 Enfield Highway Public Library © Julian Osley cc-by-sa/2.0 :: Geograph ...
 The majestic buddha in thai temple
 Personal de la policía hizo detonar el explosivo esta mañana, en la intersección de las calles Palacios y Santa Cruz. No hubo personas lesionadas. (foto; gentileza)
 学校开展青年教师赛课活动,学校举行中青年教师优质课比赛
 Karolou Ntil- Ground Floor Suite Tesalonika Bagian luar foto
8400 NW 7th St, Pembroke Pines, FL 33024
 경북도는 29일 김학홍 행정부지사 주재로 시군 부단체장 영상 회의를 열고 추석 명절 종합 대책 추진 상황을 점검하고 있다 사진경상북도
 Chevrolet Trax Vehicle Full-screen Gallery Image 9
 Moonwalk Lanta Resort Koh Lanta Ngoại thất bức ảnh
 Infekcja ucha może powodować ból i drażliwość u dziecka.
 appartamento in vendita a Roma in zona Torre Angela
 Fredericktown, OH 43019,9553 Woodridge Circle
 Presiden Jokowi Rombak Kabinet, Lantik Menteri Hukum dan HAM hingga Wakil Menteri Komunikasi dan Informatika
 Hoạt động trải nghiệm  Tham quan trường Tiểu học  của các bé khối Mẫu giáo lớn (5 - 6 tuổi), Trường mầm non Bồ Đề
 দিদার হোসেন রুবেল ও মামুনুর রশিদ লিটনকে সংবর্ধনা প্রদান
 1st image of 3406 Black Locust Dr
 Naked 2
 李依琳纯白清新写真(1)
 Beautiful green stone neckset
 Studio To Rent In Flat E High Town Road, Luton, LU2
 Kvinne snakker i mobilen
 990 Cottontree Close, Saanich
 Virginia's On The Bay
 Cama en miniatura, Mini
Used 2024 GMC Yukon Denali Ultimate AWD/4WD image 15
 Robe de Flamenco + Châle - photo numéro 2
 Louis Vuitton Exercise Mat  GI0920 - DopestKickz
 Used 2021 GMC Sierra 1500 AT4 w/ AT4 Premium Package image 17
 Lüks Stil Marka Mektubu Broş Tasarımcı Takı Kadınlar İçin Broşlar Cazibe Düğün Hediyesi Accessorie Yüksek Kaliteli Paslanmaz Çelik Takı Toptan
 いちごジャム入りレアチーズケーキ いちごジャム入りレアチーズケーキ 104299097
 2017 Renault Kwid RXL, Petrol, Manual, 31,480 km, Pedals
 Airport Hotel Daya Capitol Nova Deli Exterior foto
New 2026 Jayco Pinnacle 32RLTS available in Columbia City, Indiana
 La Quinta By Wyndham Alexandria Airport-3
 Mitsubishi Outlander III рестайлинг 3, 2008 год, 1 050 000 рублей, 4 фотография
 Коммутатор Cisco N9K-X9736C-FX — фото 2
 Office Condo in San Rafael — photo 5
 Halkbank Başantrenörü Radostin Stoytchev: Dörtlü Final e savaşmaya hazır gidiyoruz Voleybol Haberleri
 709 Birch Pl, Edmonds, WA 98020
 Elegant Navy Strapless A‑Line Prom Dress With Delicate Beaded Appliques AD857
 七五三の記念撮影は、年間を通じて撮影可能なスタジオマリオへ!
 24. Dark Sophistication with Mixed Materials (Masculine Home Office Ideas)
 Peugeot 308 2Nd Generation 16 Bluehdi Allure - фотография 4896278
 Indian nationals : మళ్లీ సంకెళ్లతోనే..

------------------------------------------------------------

• **Exercise instructions**: Once you find the string "Airport" in a line of the records, copy that line.

• **Answer below**:
 Airport Hotel Daya Capitol Nova Deli Exterior foto
 La Quinta By Wyndham Alexandria Airport-3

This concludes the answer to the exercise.